• Your objective:
Leaving out pictures, output exactly the lines below from the one that has "A+ for Pleasure Chapter 19 - Page 1" through the one that has "Audi A1 sportback 1.4 Tfsi 125 Ambition Luxe", and nothing else.

• Available data:
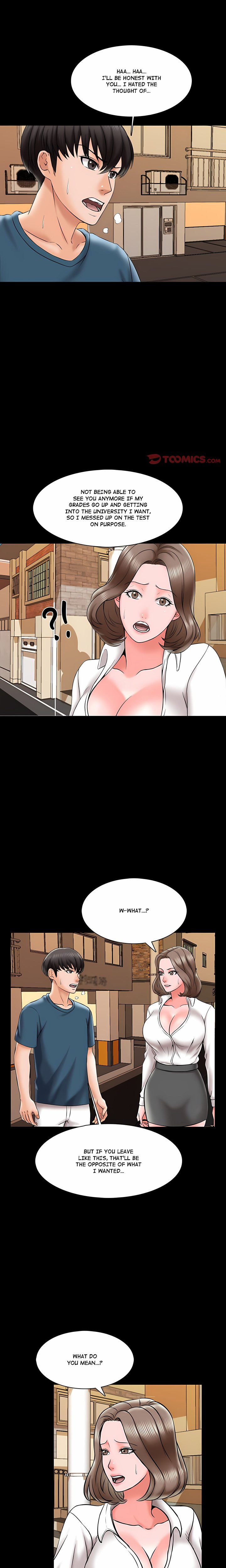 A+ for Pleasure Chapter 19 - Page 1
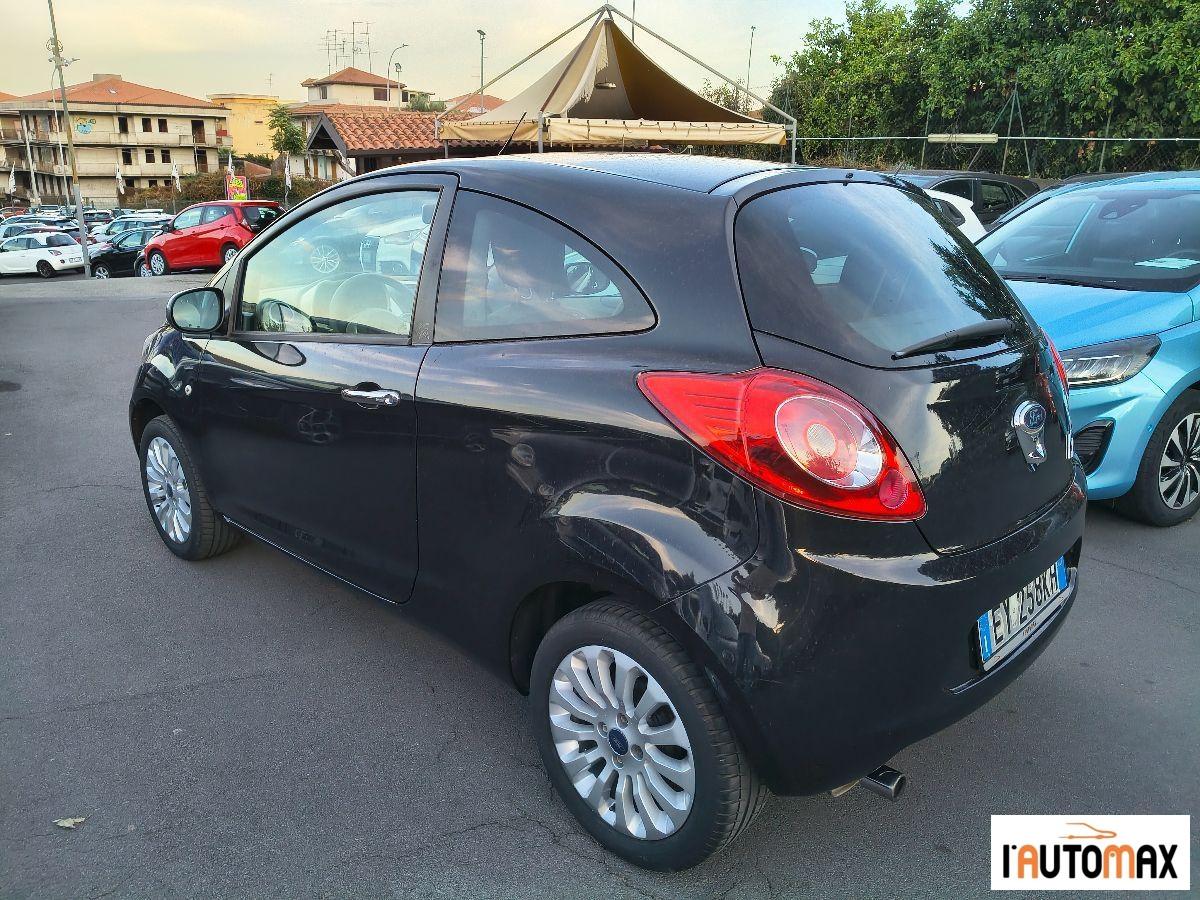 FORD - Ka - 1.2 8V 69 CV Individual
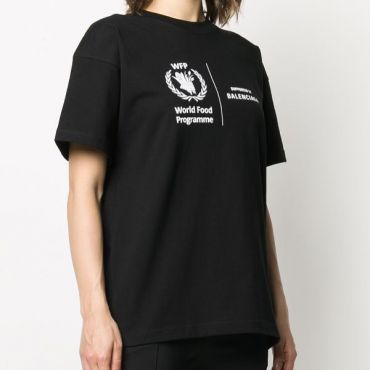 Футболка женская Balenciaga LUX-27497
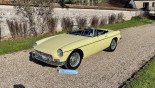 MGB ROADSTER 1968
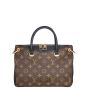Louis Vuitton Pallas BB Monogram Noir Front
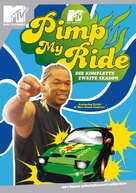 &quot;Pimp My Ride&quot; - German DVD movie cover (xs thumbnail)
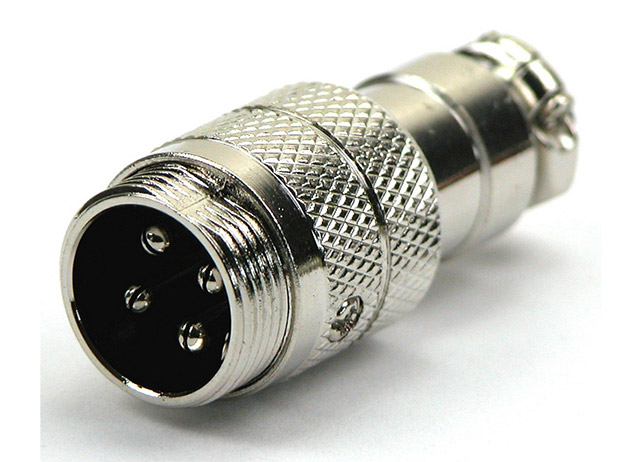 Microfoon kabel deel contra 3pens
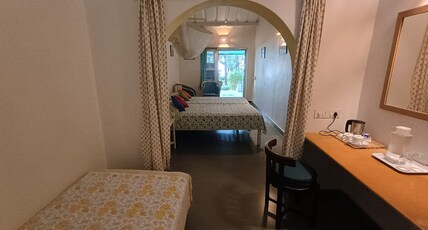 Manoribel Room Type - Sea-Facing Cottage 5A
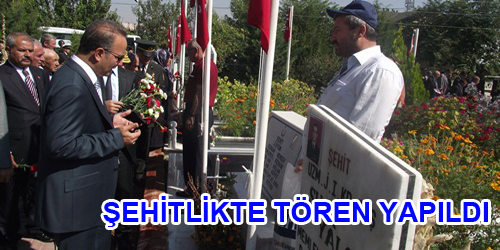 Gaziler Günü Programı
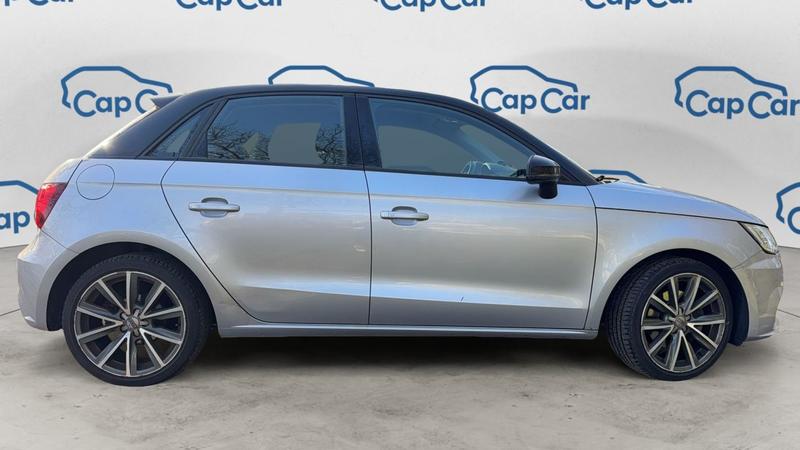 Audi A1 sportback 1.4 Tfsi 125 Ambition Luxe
---
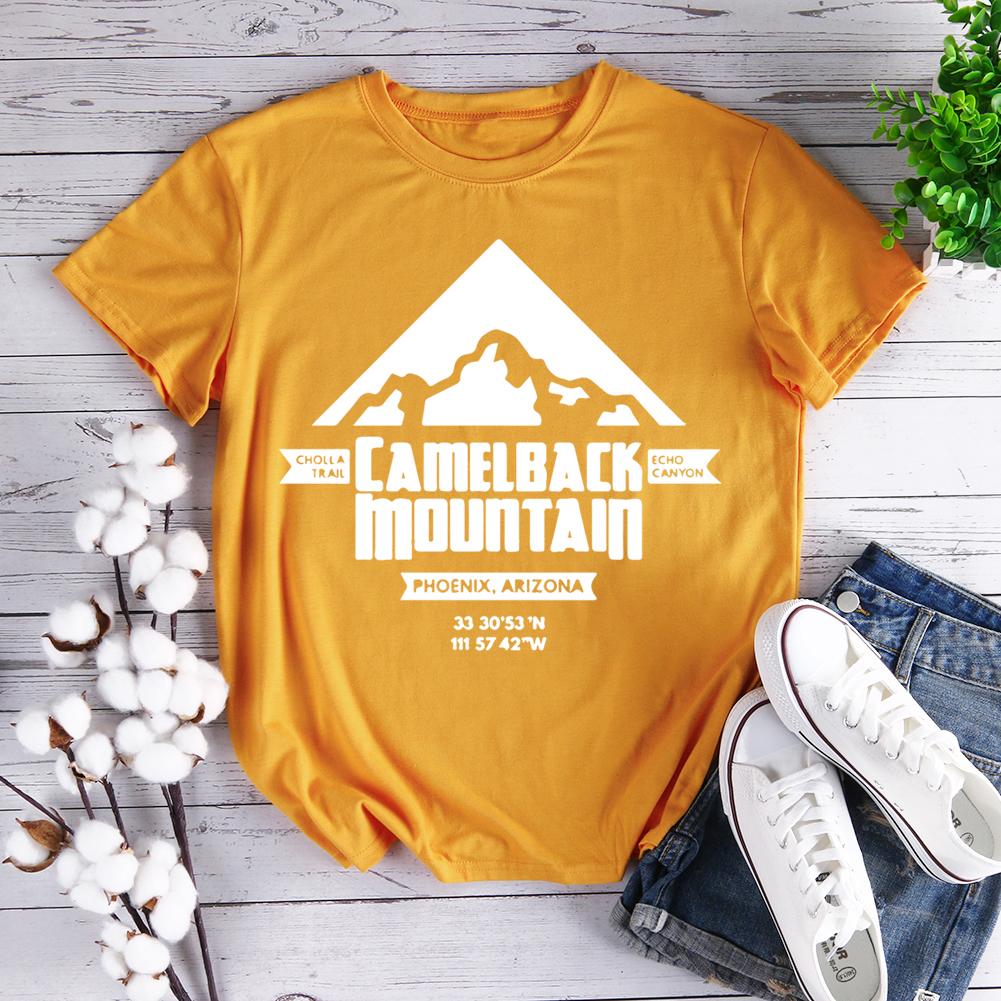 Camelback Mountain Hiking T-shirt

• Answer area:
 A+ for Pleasure Chapter 19 - Page 1
 FORD - Ka - 1.2 8V 69 CV Individual
 Футболка женская Balenciaga LUX-27497
 MGB ROADSTER 1968
Louis Vuitton Pallas BB Monogram Noir Front
 &quot;Pimp My Ride&quot; - German DVD movie cover (xs thumbnail)
 Microfoon kabel deel contra 3pens
 Manoribel Room Type - Sea-Facing Cottage 5A
 Gaziler Günü Programı
 Audi A1 sportback 1.4 Tfsi 125 Ambition Luxe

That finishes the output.